Work request
Print the entries exactly; no image belongs in the copy.

Provided information
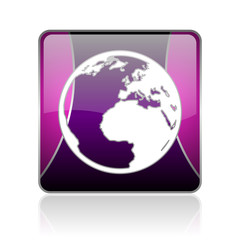 earth violet square web glossy icon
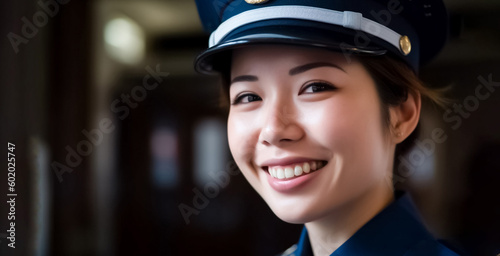 An Asian police woman dressed in her police uniform stands in a public area, and she has a smile on her face. generative AI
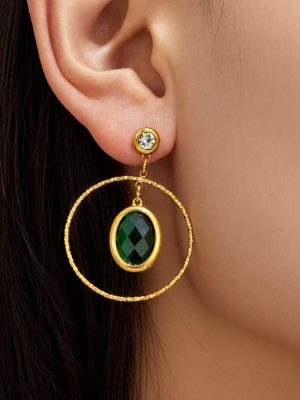 Advanced Retro Double-Layer Oval Earrings PVD Vacuum Electroplating Elegant Light Luxury Jewelry Earrings Women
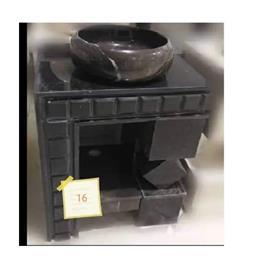 Black Round Single Marble Wash Basin, Mount Type: Pedestal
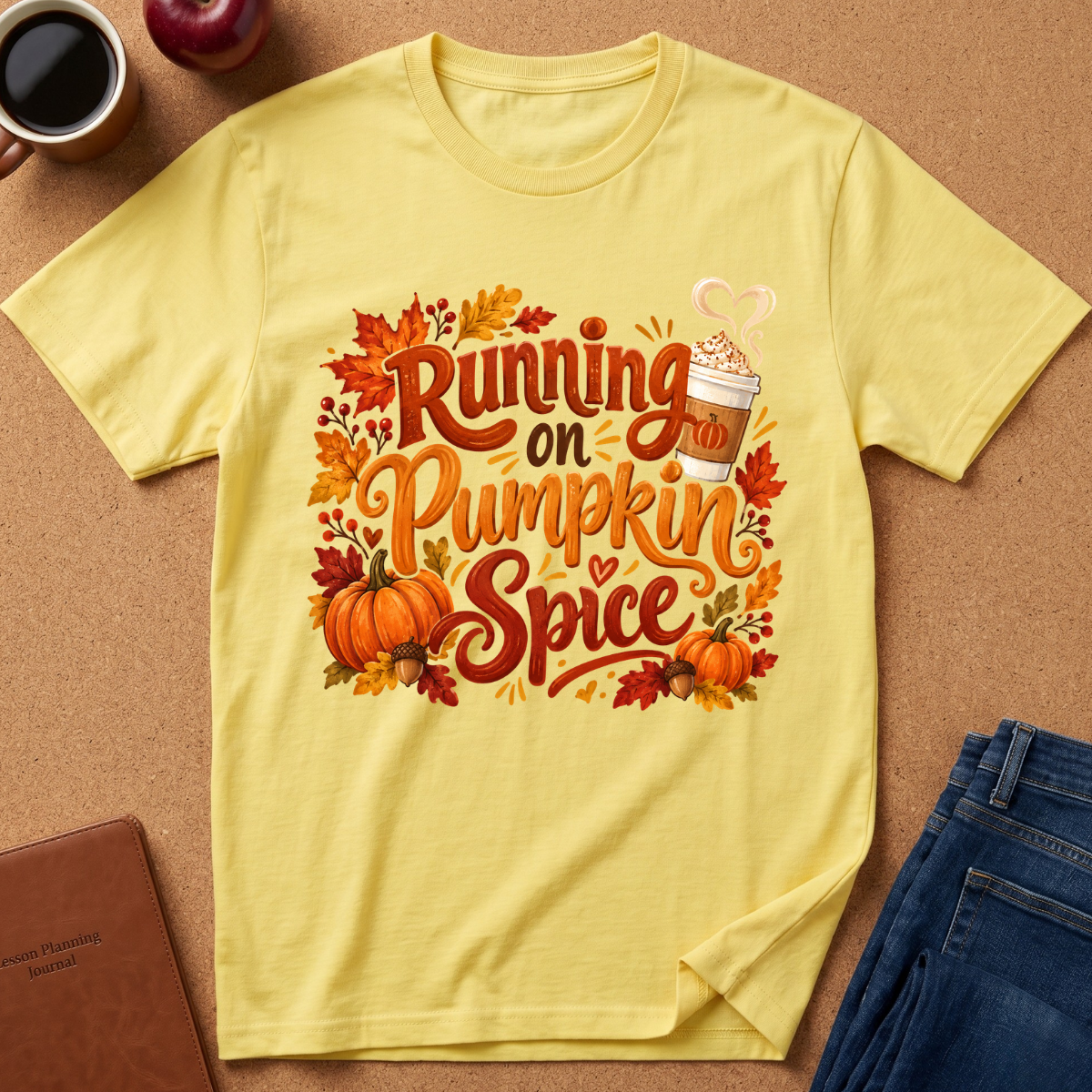 A pale yellow graphic T-shirt laid flat on a cork-like surface, surrounded by a coffee mug, apple, notebook, and jeans. The shirt features a large autumn-themed print reading “Running on Pumpkin Spice” with pumpkins, fall leaves, and a coffee cup illustration.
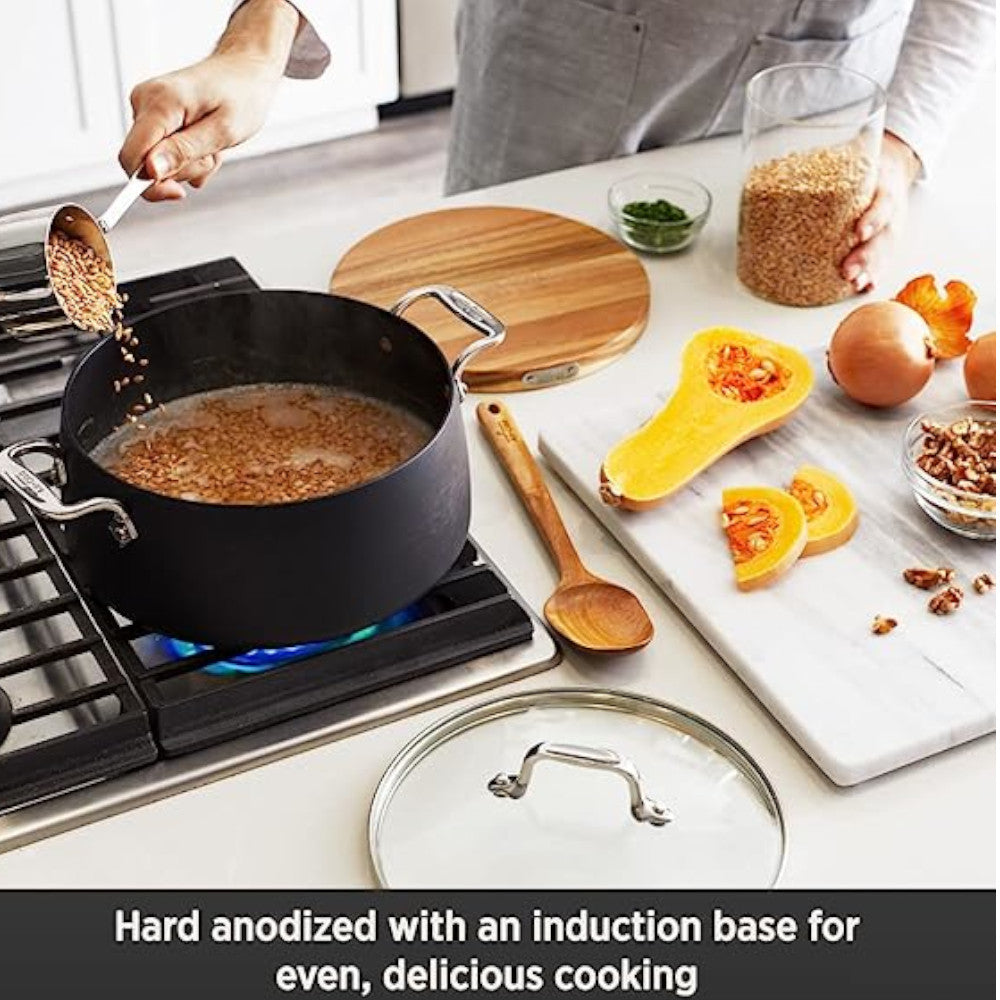All-Clad E100S274 6-Quart HA1 Dutch Oven with Lid - Premium Stainless Steel Cookware for Braising, Stewing & Baking - Perfect for Soups, Casseroles & Bread Making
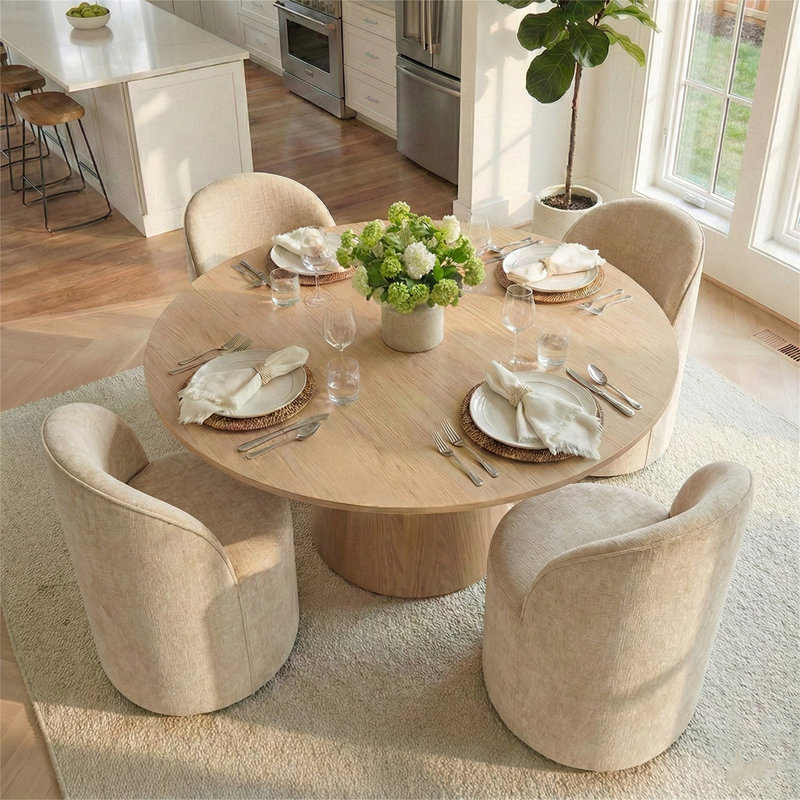4 - Person Dining Table Sets With 52'' Solid Round Table & 4 Upholstered Chenille Swivel Chairs, Yellow, Oatmeal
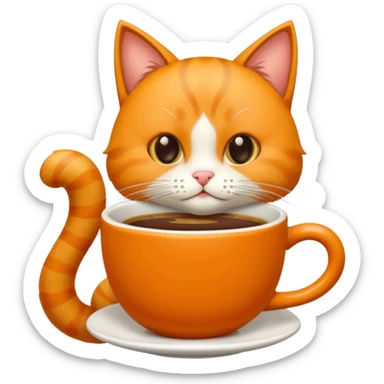 Gato naranja aún lado de un café frio tomando el popote con sus patitas sticker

Output below
 earth violet square web glossy icon
 An Asian police woman dressed in her police uniform stands in a public area, and she has a smile on her face. generative AI
 Advanced Retro Double-Layer Oval Earrings PVD Vacuum Electroplating Elegant Light Luxury Jewelry Earrings Women
 Black Round Single Marble Wash Basin, Mount Type: Pedestal
 A pale yellow graphic T-shirt laid flat on a cork-like surface, surrounded by a coffee mug, apple, notebook, and jeans. The shirt features a large autumn-themed print reading “Running on Pumpkin Spice” with pumpkins, fall leaves, and a coffee cup illustration.
All-Clad E100S274 6-Quart HA1 Dutch Oven with Lid - Premium Stainless Steel Cookware for Braising, Stewing & Baking - Perfect for Soups, Casseroles & Bread Making
4 - Person Dining Table Sets With 52'' Solid Round Table & 4 Upholstered Chenille Swivel Chairs, Yellow, Oatmeal
 Gato naranja aún lado de un café frio tomando el popote con sus patitas sticker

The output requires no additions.